### [WHAT IS NEEDED]
Among the lines below, output only those between the line holding "Christmas cupcakes with" and the line holding "spare room with", inclusive, exactly as written and with no pictures.

◆ ◆ ◆

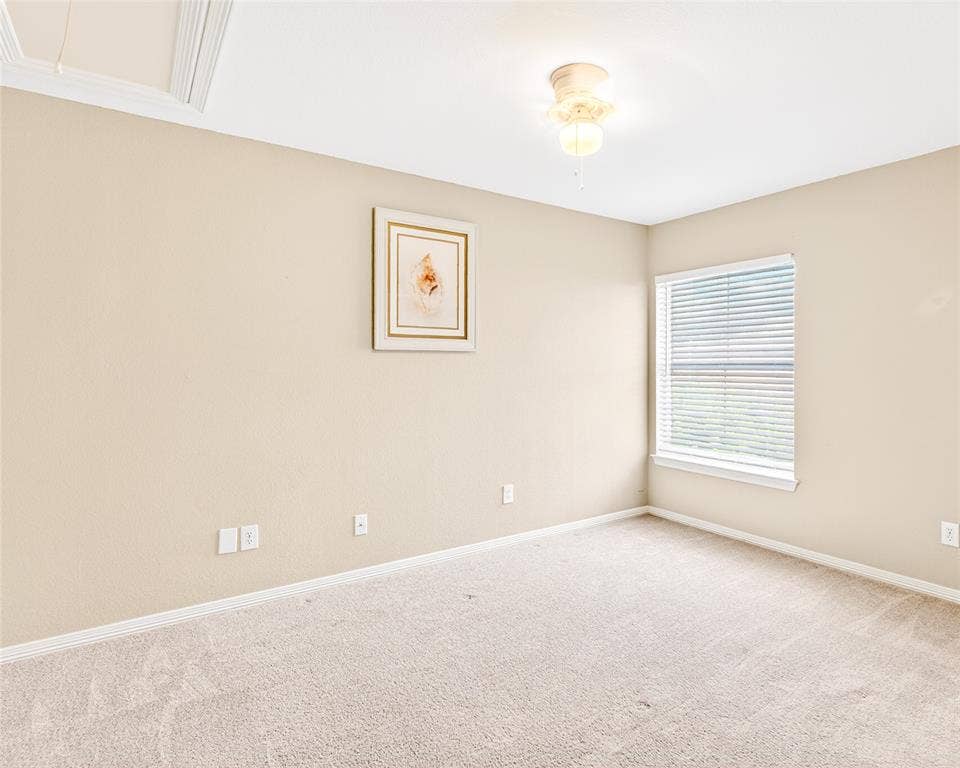 6005 Pin Oak Drive, McKinney, TX 75072 Carpeted room with neutral-toned walls, a single window with blinds, and a ceiling-mounted light fixture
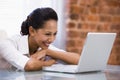 Businesswoman in office with laptop laughing Royalty Free Stock Photo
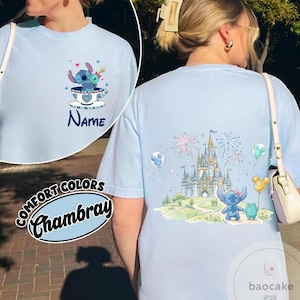 May include: Light blue t-shirt featuring Stitch in a teacup on the front and a castle scene on the back. The front has the word "Name" and the back has fireworks and balloons. The shirt is labeled "Comfort Colors Chambray".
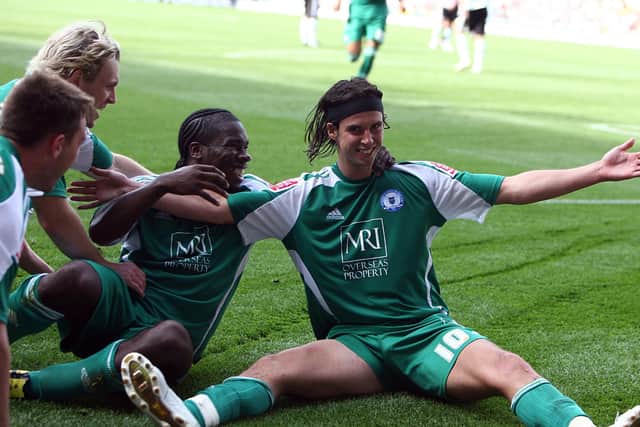 George Boyd celebrates a goalfor Posh against Derby on the opening day of the 2009-10 Championship season with Craig Mackail-Smith and Aaron Mclean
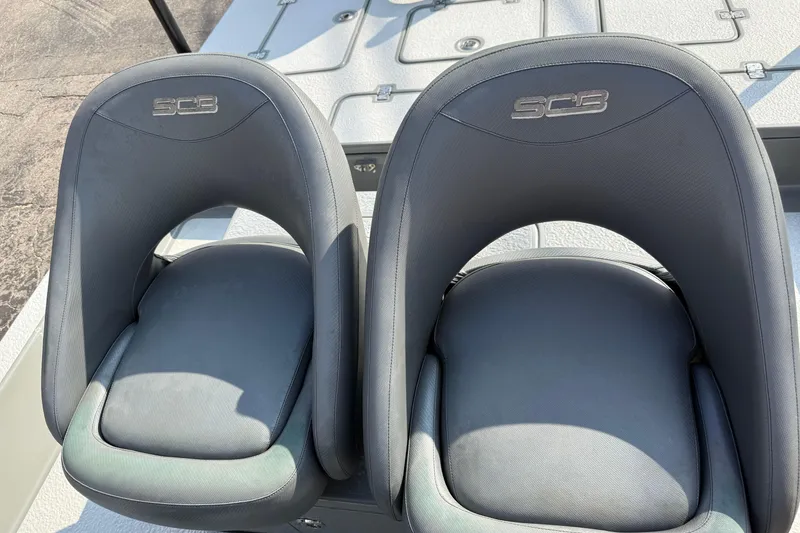 Slide: The Image of Two SCB Stingray 2018 boat seats with sleek, modern design on deck. - 23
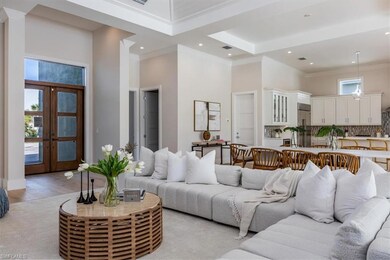 The open concept main living area features a vault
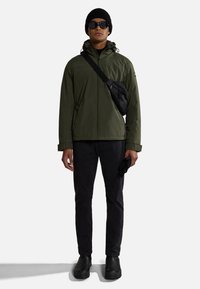 Giacca impermeabile verde oliva con cappuccio, borsa a tracolla nera, pantaloni neri e stivali neri. Il modello indossa occhiali da sole e un berretto.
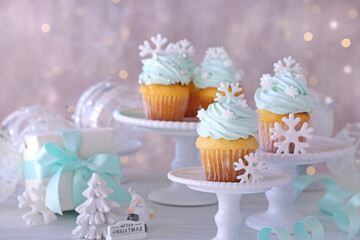 Christmas cupcakes with mint blue cream and white snowflakes.
Christmas decoration table over illumination.クリスマススノーフレークカップケーキ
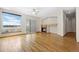 A naturally lit living room with a fireplace, hardwood floors, large windows, and sliding glass doors at 1757 Baguette Dr, Castle Rock, CO 80108
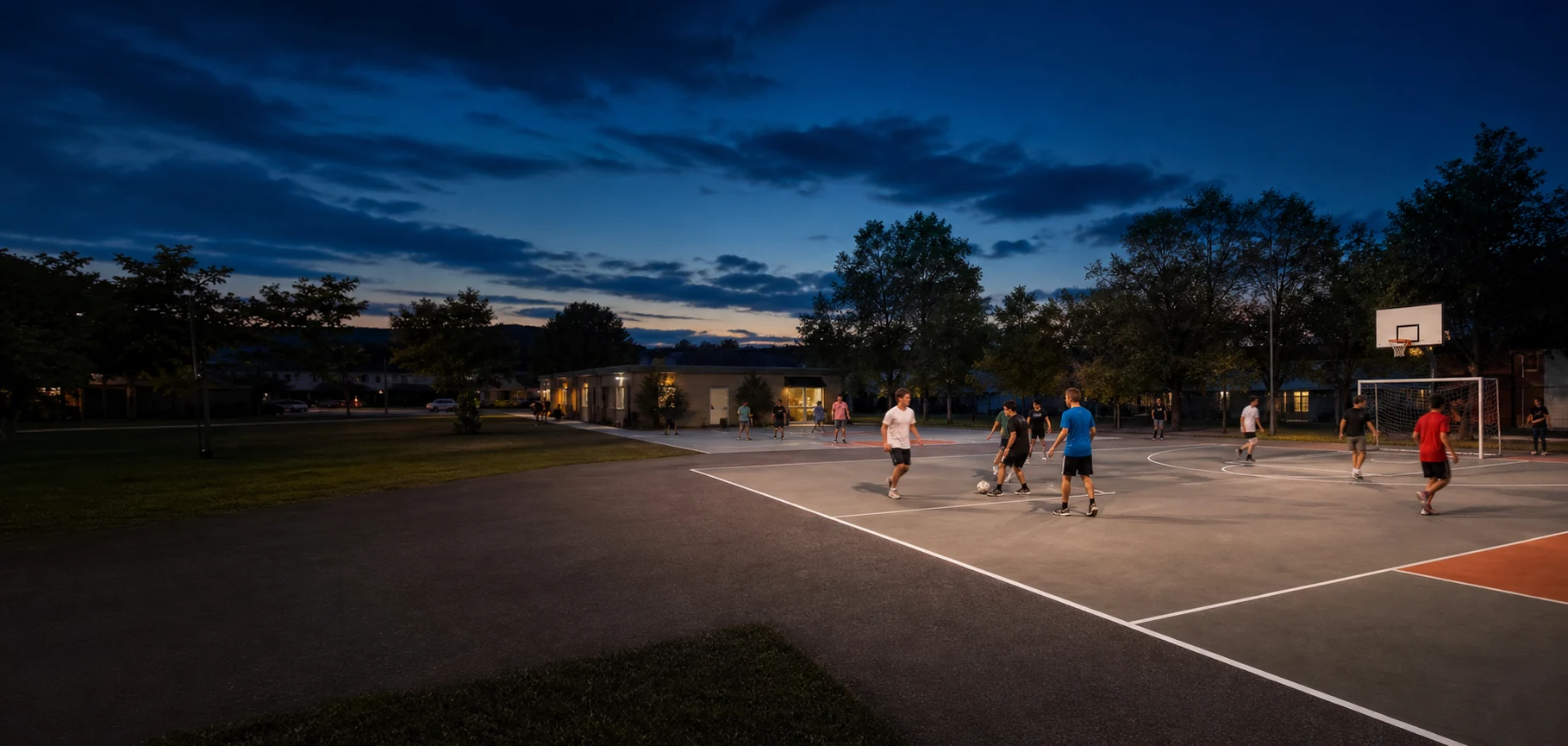 Residents playing on a well-lit community multi-sport court at dusk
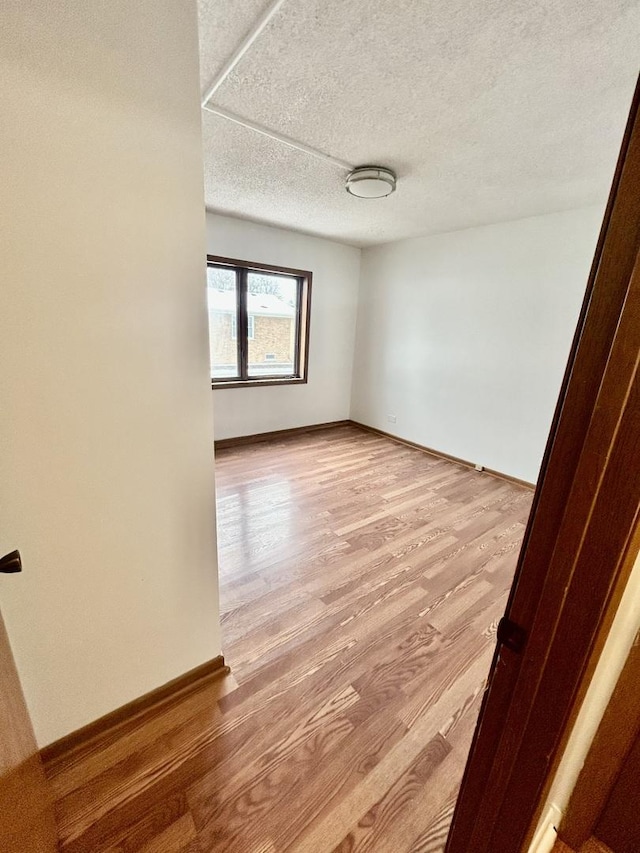 spare room with light wood-type flooring, baseboards, and a textured ceiling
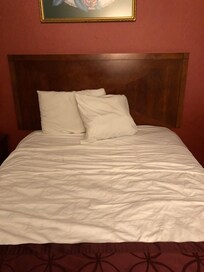 Bed looked like someone had been laying down on it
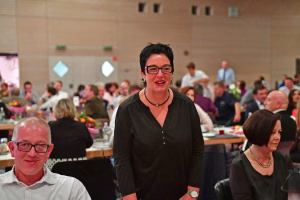 Lächelnde Frau mit Brille steht vorn im Saal; im Hintergrund sitzen viele Gäste bei einer Veranstaltung.
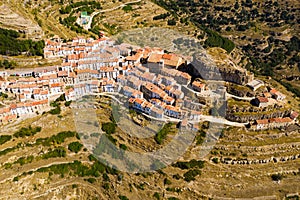 Mountain landscape with Spanish town of Ares del Maestre photo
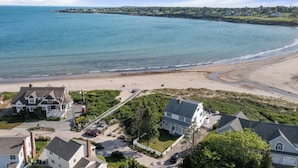 Eine Wohngegend an der Küste mit Häusern, einem Strand und Blick aufs Meer.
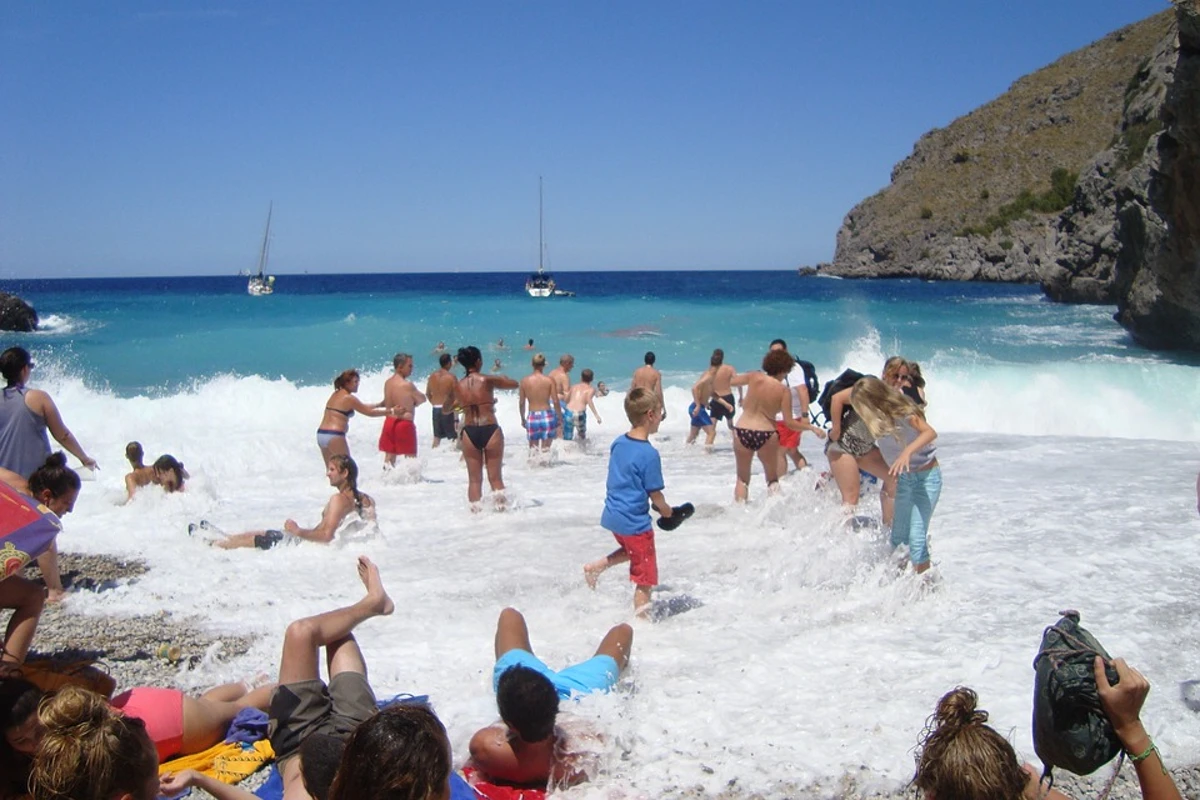 People Splashing Having Fun at the Beach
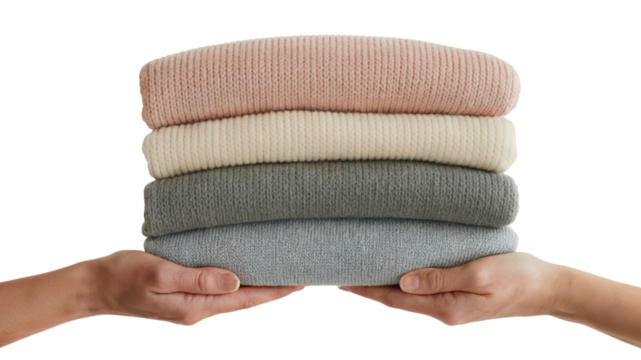 person hands holding a stack of folded clothes. Isolated on transparent background, png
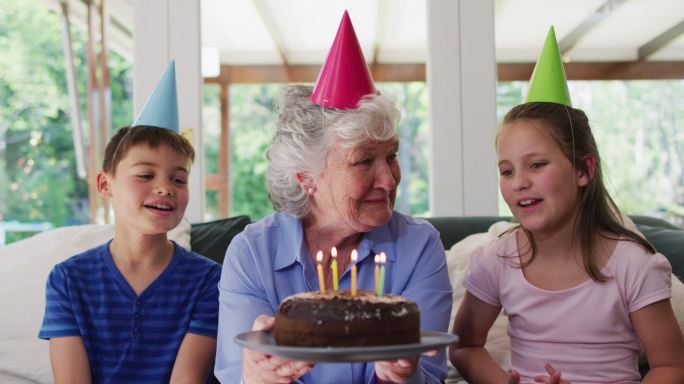 白种老妇人在派对帽子吹蜡烛在生日蛋糕，而她的孙子坐在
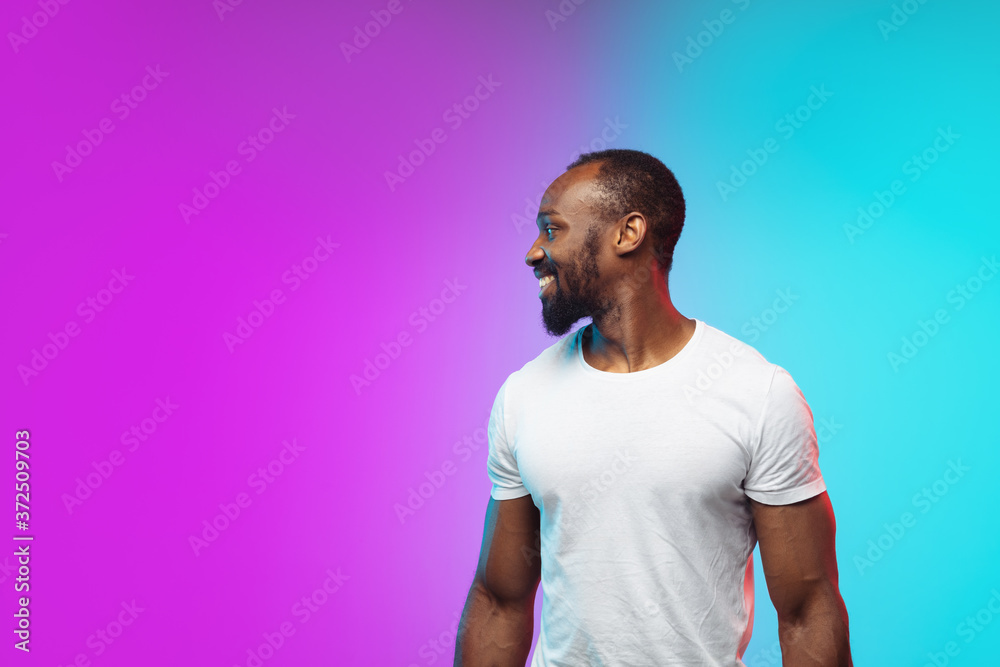 Smiling. African-american young man's portrait on gradient studio background in neon. Beautiful male model in casual style, white shirt. Concept of human emotions, facial expression, sales, ad. Smiling. African-american young man's portrait on gradient studio background in neon. Beautiful male model in casual style, white shirt. Concept of human emotions, facial expression, sales, ad.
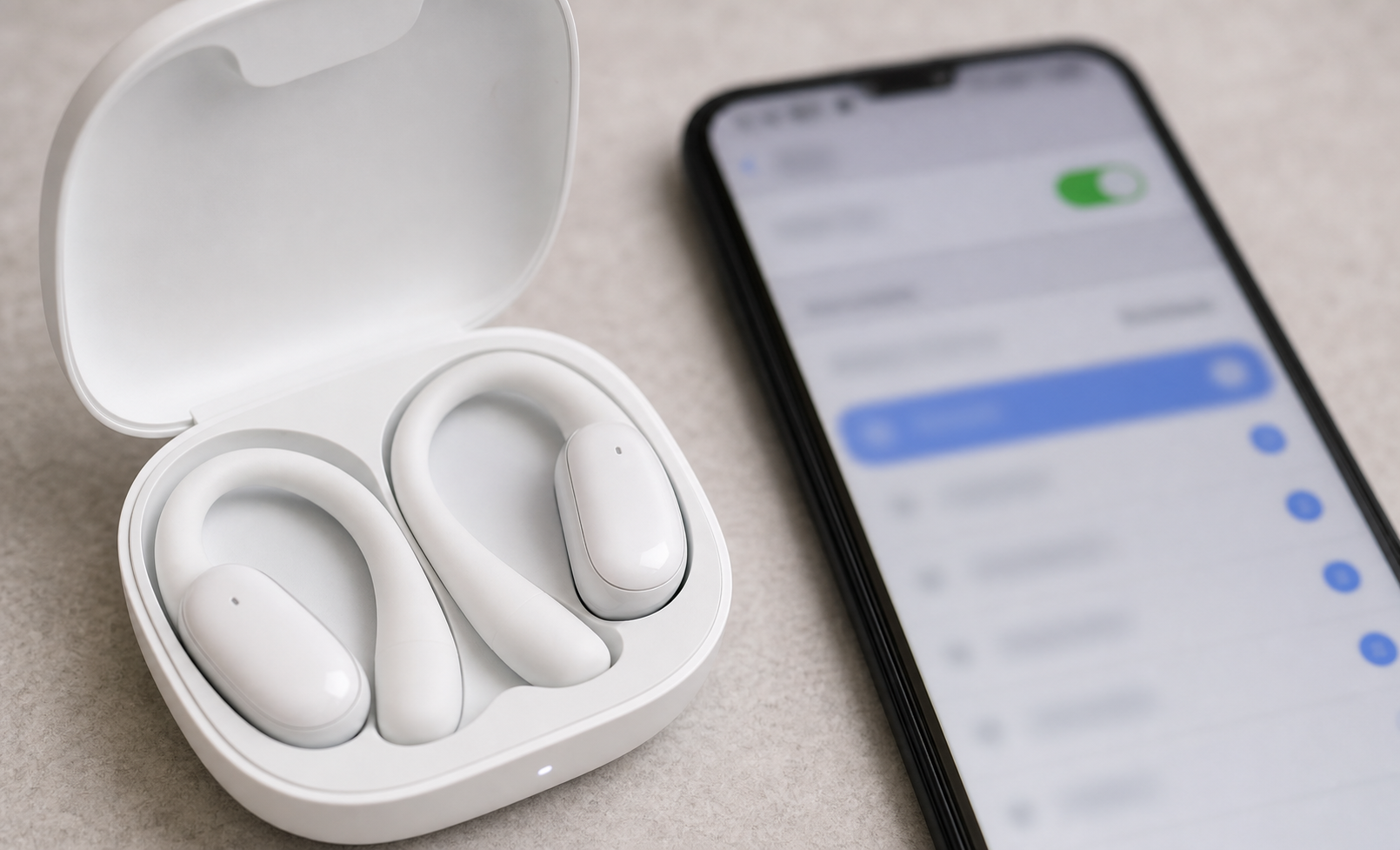 Open-fit white wireless earbuds in a charging case beside a smartphone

◆ ◆ ◆

### [WRITTEN SOLUTION]
 Christmas cupcakes with mint blue cream and white snowflakes.
Christmas decoration table over illumination.クリスマススノーフレークカップケーキ
 A naturally lit living room with a fireplace, hardwood floors, large windows, and sliding glass doors at 1757 Baguette Dr, Castle Rock, CO 80108
 Residents playing on a well-lit community multi-sport court at dusk
 spare room with light wood-type flooring, baseboards, and a textured ceiling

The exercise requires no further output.